This past week, we had the pleasure of spending four days in New York City, the first time since 2009 when we were there to attend my niece Kendra’s wedding. I organized this trip so we could see my Dad and his wife, Sally, whom we also hadn’t seen in way to long a time. We all ended up staying at the Algonquin Hotel on W. 44th St., smack dab in the middle of the theatre district. What I didn’t know was that my Dad’s sister, Irene, and her husband, Paul Neal, would also be in New York for some meetings with her new agent.
My Aunt Irene is a truly gifted artist. She has been making art for a long time, close to 50 years now, and her painting style mirrors her personal refulgence.
Renie is my dad’s younger sister. They are 5 years apart in age. They adore each other and have such a great time when they get together which is frequently. They love to laugh, a trait they and I inherited from their mother. Here are a few images from over the years.
When they get together, their laughter is contagious. This trip was no different. One evening, I teased my Dad that I couldn’t believe there was a table in the Algonquin dining room making more noise than ours. I blurted out that he has a stentorian voice which he misheard as centurion, which set us all off. Both words actually apply. My dad is a voracious reader, and a commentary writer. His areas of interest and opining are population, family planning, immigration and a number of other subjects that I studiously avoid because our views are so diametrically opposed. But he is not shy about expressing them and loudly. In retrospect, it is surprising that we avoided talking about the Presidential race for four days. Dad is also one of the most generous men I’ve ever known, and it’s become a point of pride when I can get the table’s check before he does, which happened exactly once the entire week. (I need to practice more.)
Jimmie and I have our own modest collection of Irene Neal’s paintings and jewelry created over the years. On our wedding day in 1984, she and Paul arrived at Paulsson’s Restaurant for our reception bearing a 4′ x 5′ oil painting that she had freshly inscribed to us. It still hangs in our living room. Other periods of her work featured colorful acrylic paintings on wooden bases that are enormous, and totemic in feeling. They are a blast of color and energy just like Renie is. She belongs to a group of painters called the New New Painters, who had a show in Prague in 2002, curated by Kenworth W. Moffett, who passed away just a few days before Renie came to New York.

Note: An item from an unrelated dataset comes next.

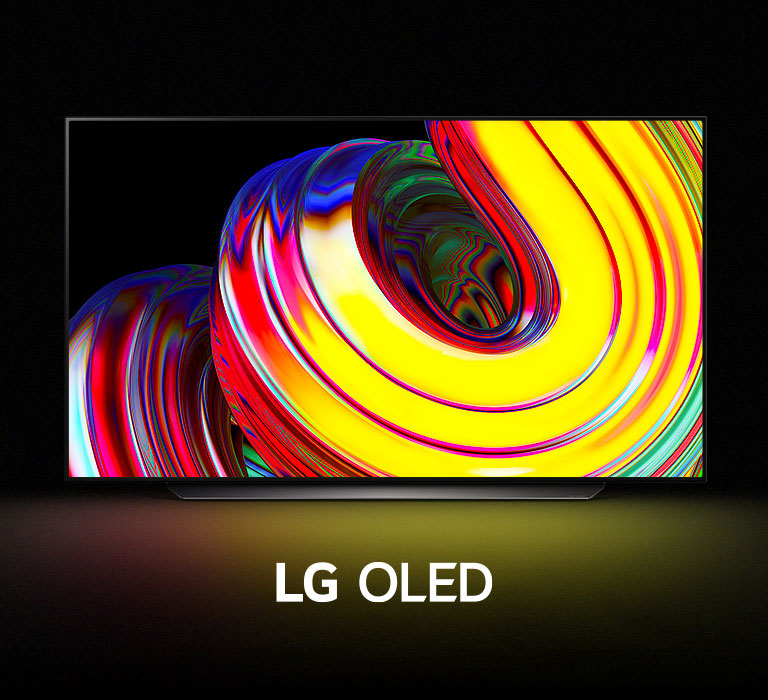 An abstract display of colorful flowers is shown on LG OLED.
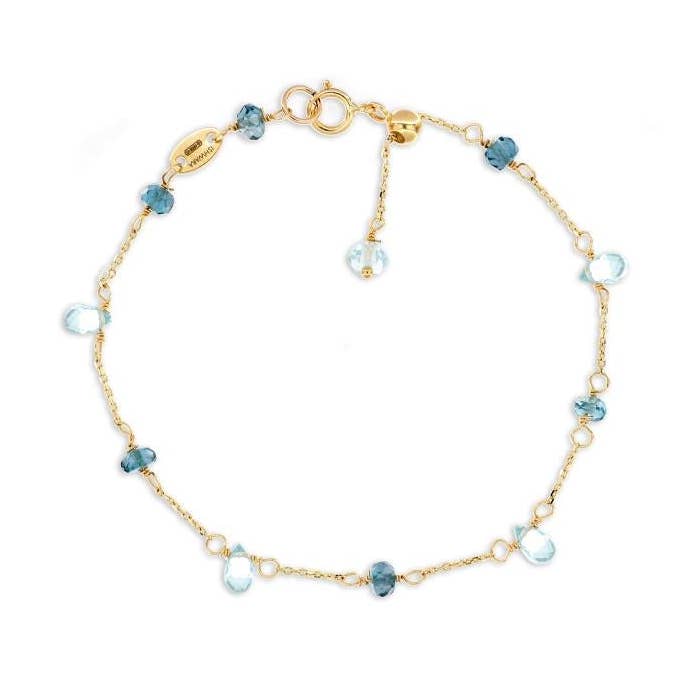 Armband met blauwe topazen en London | 18kt goud voor wholesale door ISHWARA JEWELS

Out of that show came a colorful catalogue of their work, which I have a copy of at home, inscribed in Renie’s loopy writing.

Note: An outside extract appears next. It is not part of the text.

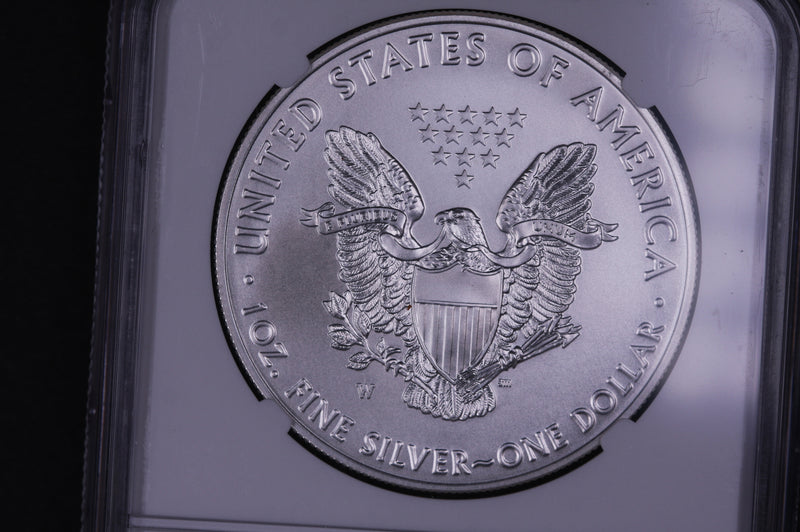 2017-W American Silver Eagle. NGC Graded MS-70 Burnished Silver.  Store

Renie and Paul are environmentalists; out of that love came her creation of beautiful pins and earrings made from discarded plastics. In the 1980s, she utilized the 6 pack plastic rings used to hold beer or soda together, once destined to choke fish but now have a second life as beautiful earrings and brooches. Her most recent jewelry material are the Nespresso pods which she has shaped into delicate, glittery flowers that are quite dressy looking. I was thrilled to be given one by her on the last night there.

Renie and her husband Paul came to New York to meet with Anna Abruzzo, who is interested in repping Renie’s work.

We visited Anna at Studio Tag, where she showed us around the architectural showroom showing us all of Renie’s most recent ink stain paintings gracing the walls of several Studio Tag offices. Before I arrived, they had taken this photo of our group in front of one of Renie’s paintings, and Anna, whose energy mimicks Renie’s, had already named my dad “The Boisterous Man.” I liked her immediately.
After showing us the showroom, Anna took us all up to the roof of the building, where there was a delightful meadow in the middle of Manhattan.
The thing I love most about my Aunt Irene is her natural joy and irrepressible enthusiasm about everything. Right after we got home yesterday, she texted me this picture. I can’t tell if the mounted policeman is giving her directions or lecturing her, but I’m sure that after the encounter, he left smiling because it’s impossible not to when you meet a force of nature like Irene.

Our trip to New York and time with Boisterous Man and his sister Irene is not one I will soon forget.